WORK ORDER: Below are entries; copy exactly, and only, the lines from the one containing "New spring and" through their final line, leaving out pictures.
.....
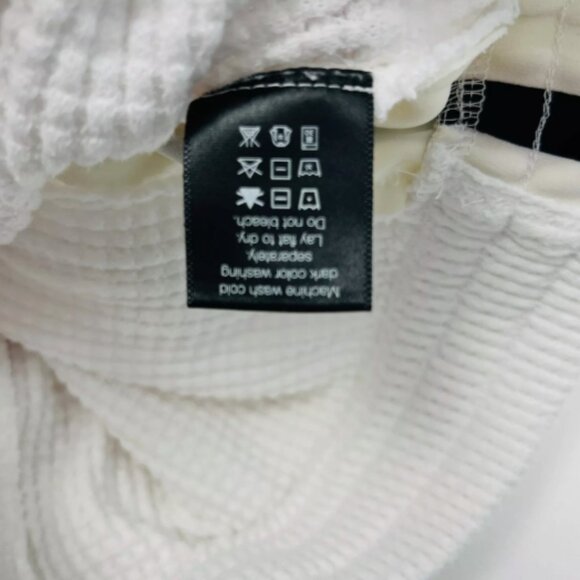 Norma Kamali White Waffle Knit Track Pants Side Stripe - Picture 10 of 15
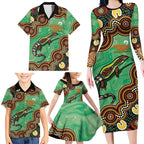 Personalised Australia Goanna NAIDOC Week 2026 Family Matching Long Sleeve Bodycon Dress and Hawaiian Shirt 50 Years of Deadly Aboriginal Art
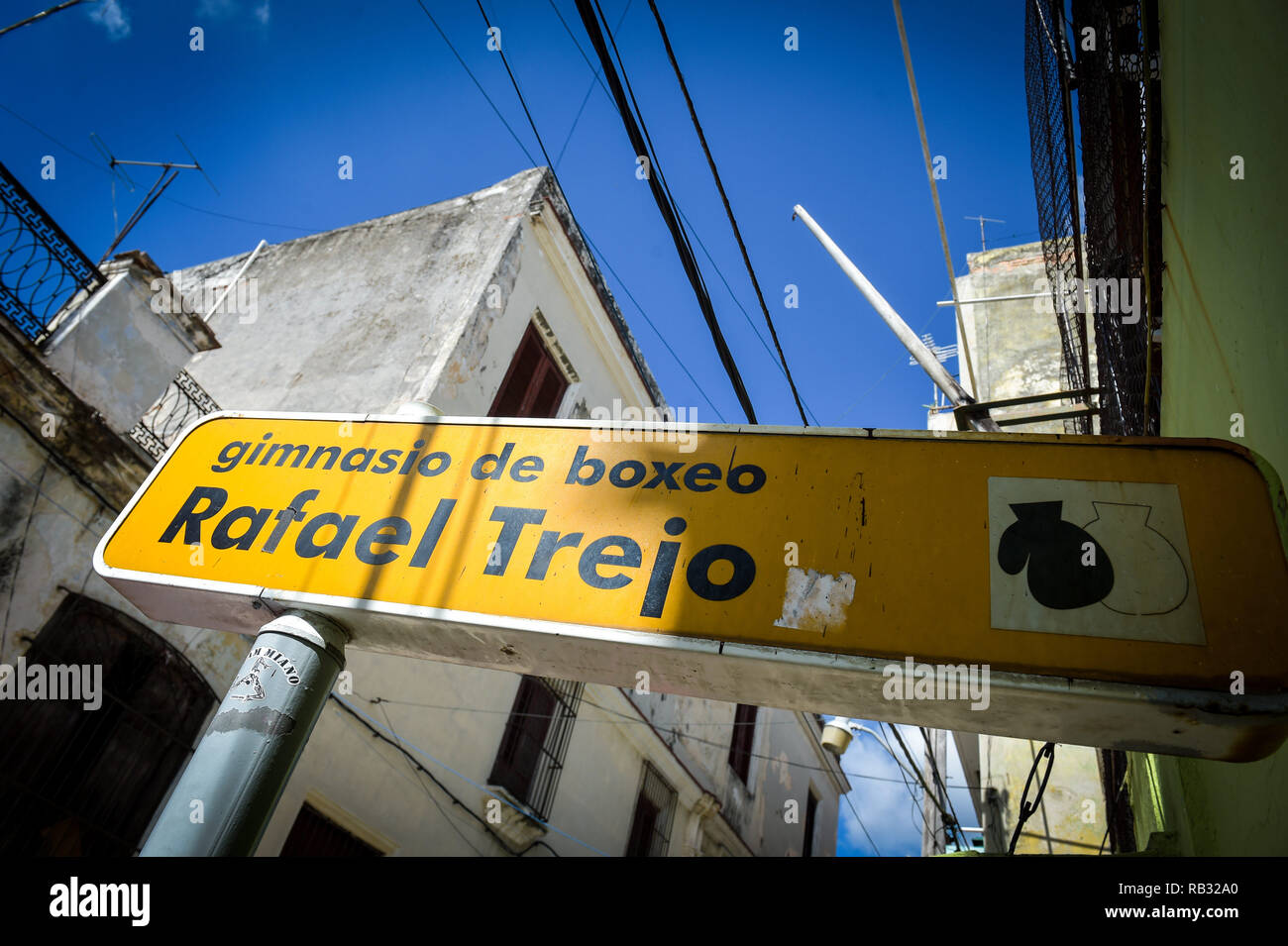 Havana, Havana, Cuba. 9th Oct, 2018. The Rafael Trejo training camp sign in Havana, Cuba which is famous for producing several Olympic champions.Cuban boxers are the most successful in the history of amateur boxing, Cuba has won 32 Olympic boxing gold medals since 1972, .In 1962, professional boxing in Cuba was banned by Fidel Castro. As a consequence of Castro's ban, if fighters want to pursue their dream of becoming world champions they have to make the heartbreaking decision to defect from the country and It can be very tough for them because they are excommunicated and separated from Stock Photo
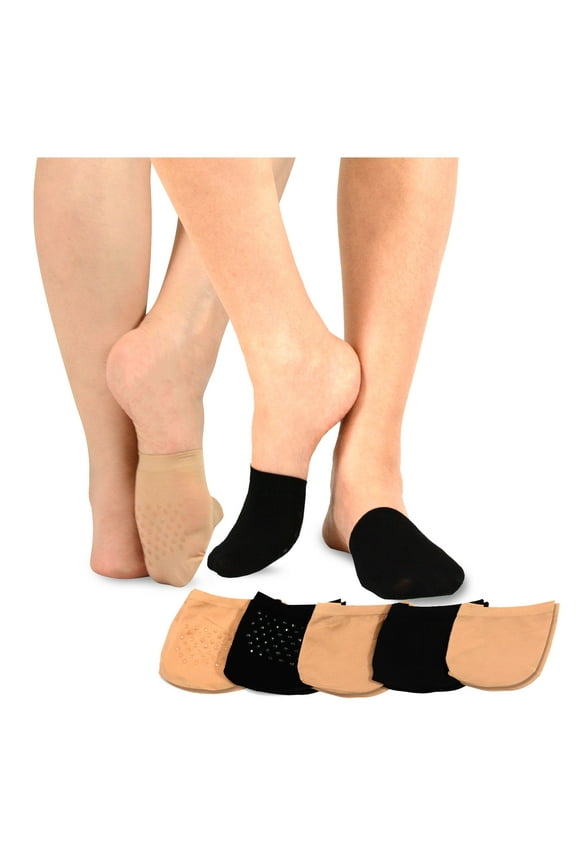 TeeHee Womens Seamless Toe Topper Liner Socks 5-Pack with Non-Skid Bottom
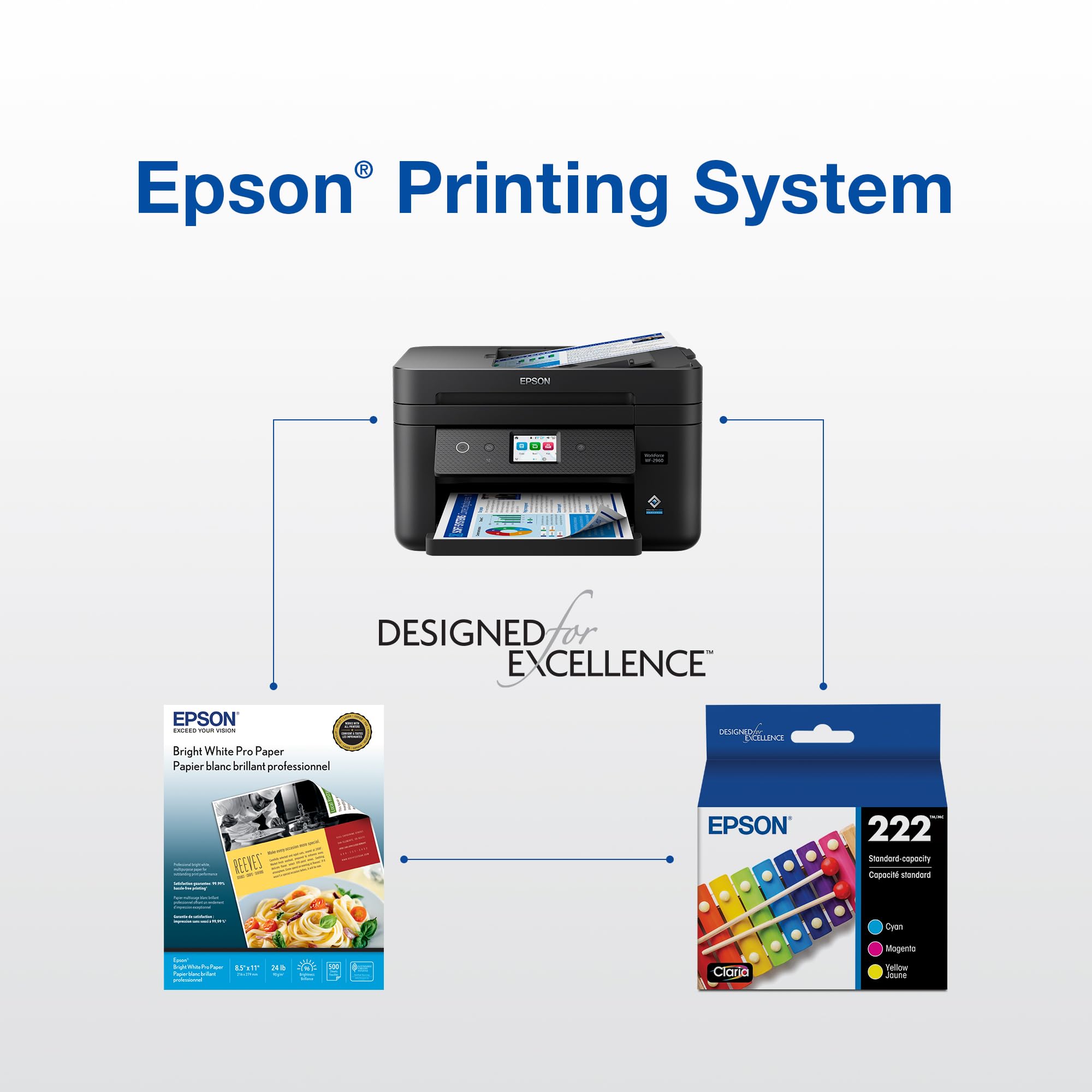 EPSON 222 Claria Ink Standard Capacity Black & Color Cartridge Combo Pack (T222120-BCS) Works with WorkForce WF-2960, Expression XP-5200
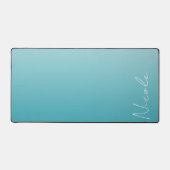 Aquamarines Handschriftzeichen Personalisiert Schreibtischunterlage (Vorderseite)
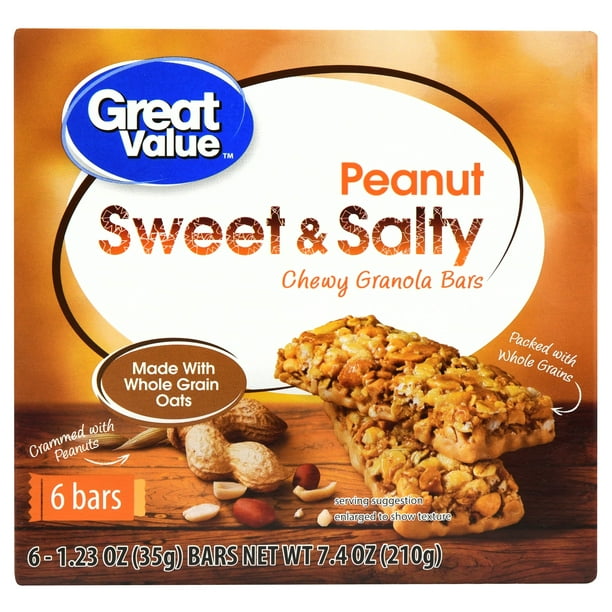 Great Value Sweet & Salty Chewy Granola Bars Peanut, 1.23 Oz, 6 Count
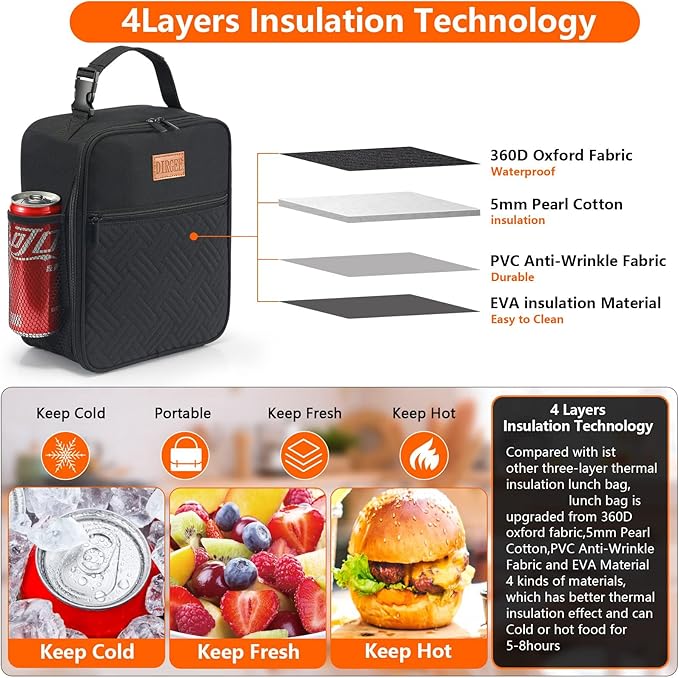 Lunch Box for Men Insulated Lunch Bag for Women Adults Small Lunch Bag for Office Work Lunch Bag For Men - Leakproof Freezable Cooler Bag Reusable Portable Lunch Box (Black)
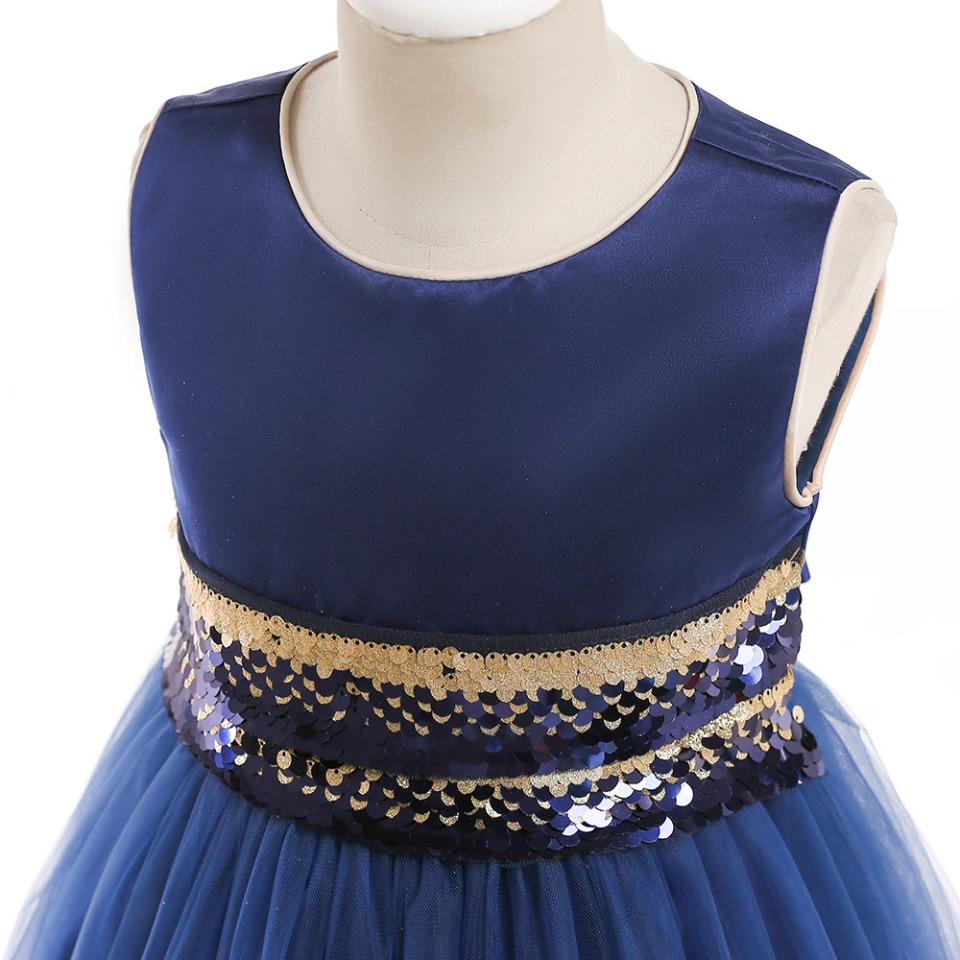 Prinzessin-Kleid für Mädchen Blau-Gold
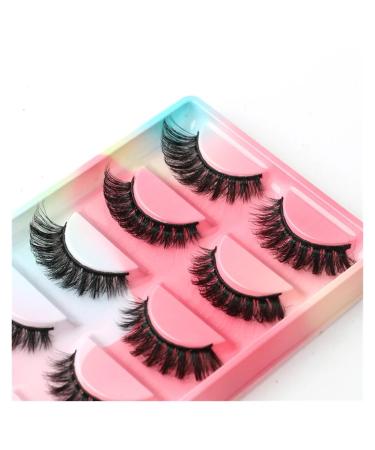 UAMOU 2/20/100 Boxes Mink Lashes Eyelashes 5 pairs Natural Curly Fake Eyelashes Thick Maquiagem Lash Extension Makeup Tools Cheerfully (Color : 5 pairs G610CS-01 Size : 30 boxes)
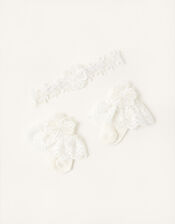 Baby Lace Bando and Sock Set, Ivory (IVORY), large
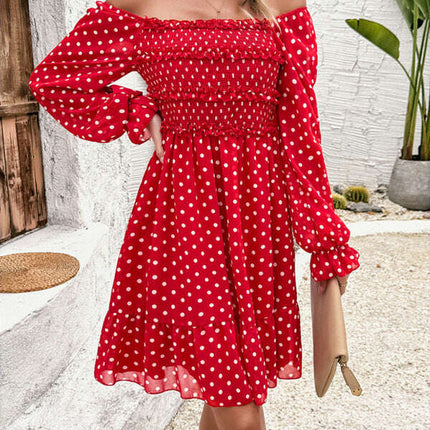 New spring and summer temperament casual polka dot dress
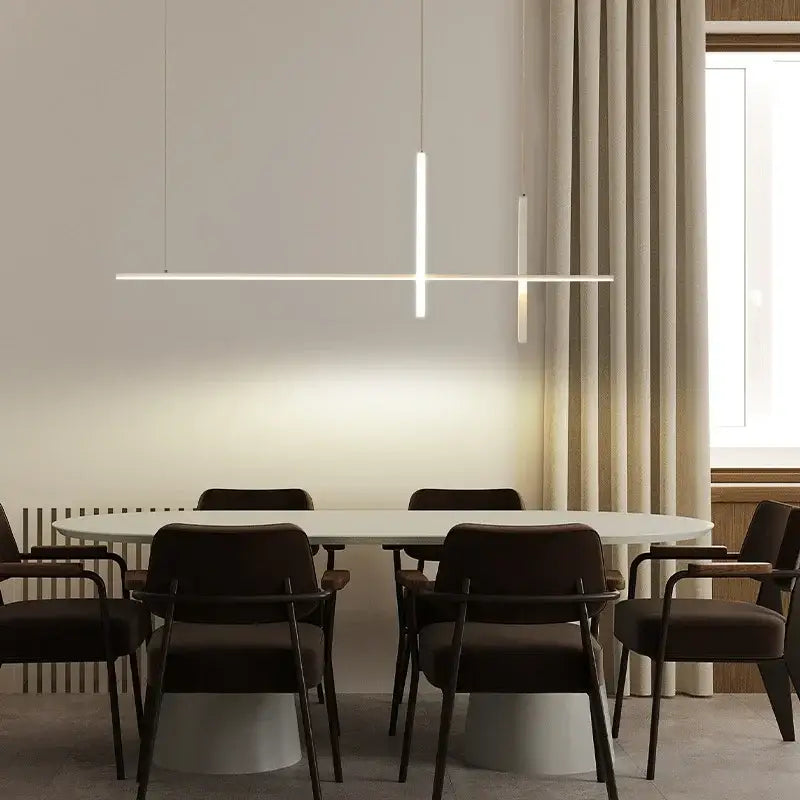 Modern minimalist black dimmable led pendant light kitchen strip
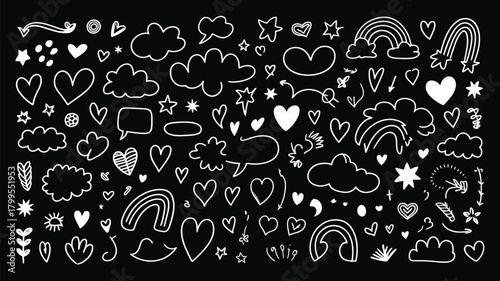 Doodle Collection Hearts, Clouds, Stars & Rainbows on Black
.....
RESPONSE TO THE TASK:
 New spring and summer temperament casual polka dot dress
 Modern minimalist black dimmable led pendant light kitchen strip
 Doodle Collection Hearts, Clouds, Stars & Rainbows on Black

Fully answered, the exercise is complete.